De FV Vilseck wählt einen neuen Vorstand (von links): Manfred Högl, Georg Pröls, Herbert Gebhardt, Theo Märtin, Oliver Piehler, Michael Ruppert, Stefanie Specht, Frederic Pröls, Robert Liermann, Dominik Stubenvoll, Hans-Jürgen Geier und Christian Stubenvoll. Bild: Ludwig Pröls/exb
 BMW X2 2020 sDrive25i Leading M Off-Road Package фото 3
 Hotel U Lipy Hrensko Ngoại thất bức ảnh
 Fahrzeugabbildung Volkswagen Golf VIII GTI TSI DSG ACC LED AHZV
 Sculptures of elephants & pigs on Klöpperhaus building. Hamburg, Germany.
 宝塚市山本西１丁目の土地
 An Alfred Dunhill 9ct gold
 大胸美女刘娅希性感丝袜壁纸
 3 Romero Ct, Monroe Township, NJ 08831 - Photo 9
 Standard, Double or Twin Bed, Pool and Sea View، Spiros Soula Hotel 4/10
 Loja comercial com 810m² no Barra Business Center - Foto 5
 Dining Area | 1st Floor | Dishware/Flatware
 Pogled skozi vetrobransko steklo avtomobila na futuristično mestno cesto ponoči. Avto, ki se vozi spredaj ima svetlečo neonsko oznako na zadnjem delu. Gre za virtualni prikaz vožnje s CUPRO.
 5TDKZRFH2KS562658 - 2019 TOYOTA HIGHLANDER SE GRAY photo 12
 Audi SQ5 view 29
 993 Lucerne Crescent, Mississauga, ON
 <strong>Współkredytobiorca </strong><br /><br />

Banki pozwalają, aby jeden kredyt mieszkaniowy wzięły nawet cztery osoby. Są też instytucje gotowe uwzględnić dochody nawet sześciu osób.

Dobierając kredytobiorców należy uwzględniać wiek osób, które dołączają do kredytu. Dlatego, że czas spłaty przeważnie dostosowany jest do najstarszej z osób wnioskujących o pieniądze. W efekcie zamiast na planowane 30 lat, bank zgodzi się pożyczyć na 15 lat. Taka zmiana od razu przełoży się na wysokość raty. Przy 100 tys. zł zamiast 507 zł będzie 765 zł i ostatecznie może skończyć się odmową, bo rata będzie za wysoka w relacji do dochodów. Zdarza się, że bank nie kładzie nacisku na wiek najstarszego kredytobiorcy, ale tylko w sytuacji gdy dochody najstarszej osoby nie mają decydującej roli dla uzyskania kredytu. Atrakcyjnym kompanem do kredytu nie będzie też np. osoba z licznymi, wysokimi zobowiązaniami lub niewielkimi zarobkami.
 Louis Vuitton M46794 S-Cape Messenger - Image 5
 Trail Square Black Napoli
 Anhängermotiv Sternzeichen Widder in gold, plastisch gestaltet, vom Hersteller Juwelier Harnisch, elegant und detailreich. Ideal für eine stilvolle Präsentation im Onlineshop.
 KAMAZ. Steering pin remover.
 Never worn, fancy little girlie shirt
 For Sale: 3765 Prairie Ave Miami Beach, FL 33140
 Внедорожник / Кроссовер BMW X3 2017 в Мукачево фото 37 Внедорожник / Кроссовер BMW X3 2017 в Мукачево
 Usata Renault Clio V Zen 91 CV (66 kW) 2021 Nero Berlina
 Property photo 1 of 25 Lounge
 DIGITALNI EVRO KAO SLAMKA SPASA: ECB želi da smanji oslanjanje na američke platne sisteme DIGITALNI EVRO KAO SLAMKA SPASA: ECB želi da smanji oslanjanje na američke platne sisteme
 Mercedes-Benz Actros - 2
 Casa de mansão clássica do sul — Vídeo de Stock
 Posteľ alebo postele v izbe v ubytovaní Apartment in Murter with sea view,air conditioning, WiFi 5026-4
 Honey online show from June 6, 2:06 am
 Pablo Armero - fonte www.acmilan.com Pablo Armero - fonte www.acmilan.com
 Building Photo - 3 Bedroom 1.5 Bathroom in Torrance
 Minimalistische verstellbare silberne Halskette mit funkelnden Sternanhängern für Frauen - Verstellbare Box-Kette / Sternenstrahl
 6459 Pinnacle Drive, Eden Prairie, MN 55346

********************

* **TASK GOAL**: Each record must be restated word for word, including the last line.

* **YOUR RESPONSE**:
De FV Vilseck wählt einen neuen Vorstand (von links): Manfred Högl, Georg Pröls, Herbert Gebhardt, Theo Märtin, Oliver Piehler, Michael Ruppert, Stefanie Specht, Frederic Pröls, Robert Liermann, Dominik Stubenvoll, Hans-Jürgen Geier und Christian Stubenvoll. Bild: Ludwig Pröls/exb
 BMW X2 2020 sDrive25i Leading M Off-Road Package фото 3
 Hotel U Lipy Hrensko Ngoại thất bức ảnh
 Fahrzeugabbildung Volkswagen Golf VIII GTI TSI DSG ACC LED AHZV
 Sculptures of elephants & pigs on Klöpperhaus building. Hamburg, Germany.
 宝塚市山本西１丁目の土地
 An Alfred Dunhill 9ct gold
 大胸美女刘娅希性感丝袜壁纸
 3 Romero Ct, Monroe Township, NJ 08831 - Photo 9
 Standard, Double or Twin Bed, Pool and Sea View، Spiros Soula Hotel 4/10
 Loja comercial com 810m² no Barra Business Center - Foto 5
 Dining Area | 1st Floor | Dishware/Flatware
 Pogled skozi vetrobransko steklo avtomobila na futuristično mestno cesto ponoči. Avto, ki se vozi spredaj ima svetlečo neonsko oznako na zadnjem delu. Gre za virtualni prikaz vožnje s CUPRO.
 5TDKZRFH2KS562658 - 2019 TOYOTA HIGHLANDER SE GRAY photo 12
 Audi SQ5 view 29
 993 Lucerne Crescent, Mississauga, ON
 <strong>Współkredytobiorca </strong><br /><br />

Banki pozwalają, aby jeden kredyt mieszkaniowy wzięły nawet cztery osoby. Są też instytucje gotowe uwzględnić dochody nawet sześciu osób.

Dobierając kredytobiorców należy uwzględniać wiek osób, które dołączają do kredytu. Dlatego, że czas spłaty przeważnie dostosowany jest do najstarszej z osób wnioskujących o pieniądze. W efekcie zamiast na planowane 30 lat, bank zgodzi się pożyczyć na 15 lat. Taka zmiana od razu przełoży się na wysokość raty. Przy 100 tys. zł zamiast 507 zł będzie 765 zł i ostatecznie może skończyć się odmową, bo rata będzie za wysoka w relacji do dochodów. Zdarza się, że bank nie kładzie nacisku na wiek najstarszego kredytobiorcy, ale tylko w sytuacji gdy dochody najstarszej osoby nie mają decydującej roli dla uzyskania kredytu. Atrakcyjnym kompanem do kredytu nie będzie też np. osoba z licznymi, wysokimi zobowiązaniami lub niewielkimi zarobkami.
 Louis Vuitton M46794 S-Cape Messenger - Image 5
 Trail Square Black Napoli
 Anhängermotiv Sternzeichen Widder in gold, plastisch gestaltet, vom Hersteller Juwelier Harnisch, elegant und detailreich. Ideal für eine stilvolle Präsentation im Onlineshop.
 KAMAZ. Steering pin remover.
 Never worn, fancy little girlie shirt
 For Sale: 3765 Prairie Ave Miami Beach, FL 33140
 Внедорожник / Кроссовер BMW X3 2017 в Мукачево фото 37 Внедорожник / Кроссовер BMW X3 2017 в Мукачево
 Usata Renault Clio V Zen 91 CV (66 kW) 2021 Nero Berlina
 Property photo 1 of 25 Lounge
 DIGITALNI EVRO KAO SLAMKA SPASA: ECB želi da smanji oslanjanje na američke platne sisteme DIGITALNI EVRO KAO SLAMKA SPASA: ECB želi da smanji oslanjanje na američke platne sisteme
 Mercedes-Benz Actros - 2
 Casa de mansão clássica do sul — Vídeo de Stock
 Posteľ alebo postele v izbe v ubytovaní Apartment in Murter with sea view,air conditioning, WiFi 5026-4
 Honey online show from June 6, 2:06 am
 Pablo Armero - fonte www.acmilan.com Pablo Armero - fonte www.acmilan.com
 Building Photo - 3 Bedroom 1.5 Bathroom in Torrance
 Minimalistische verstellbare silberne Halskette mit funkelnden Sternanhängern für Frauen - Verstellbare Box-Kette / Sternenstrahl
 6459 Pinnacle Drive, Eden Prairie, MN 55346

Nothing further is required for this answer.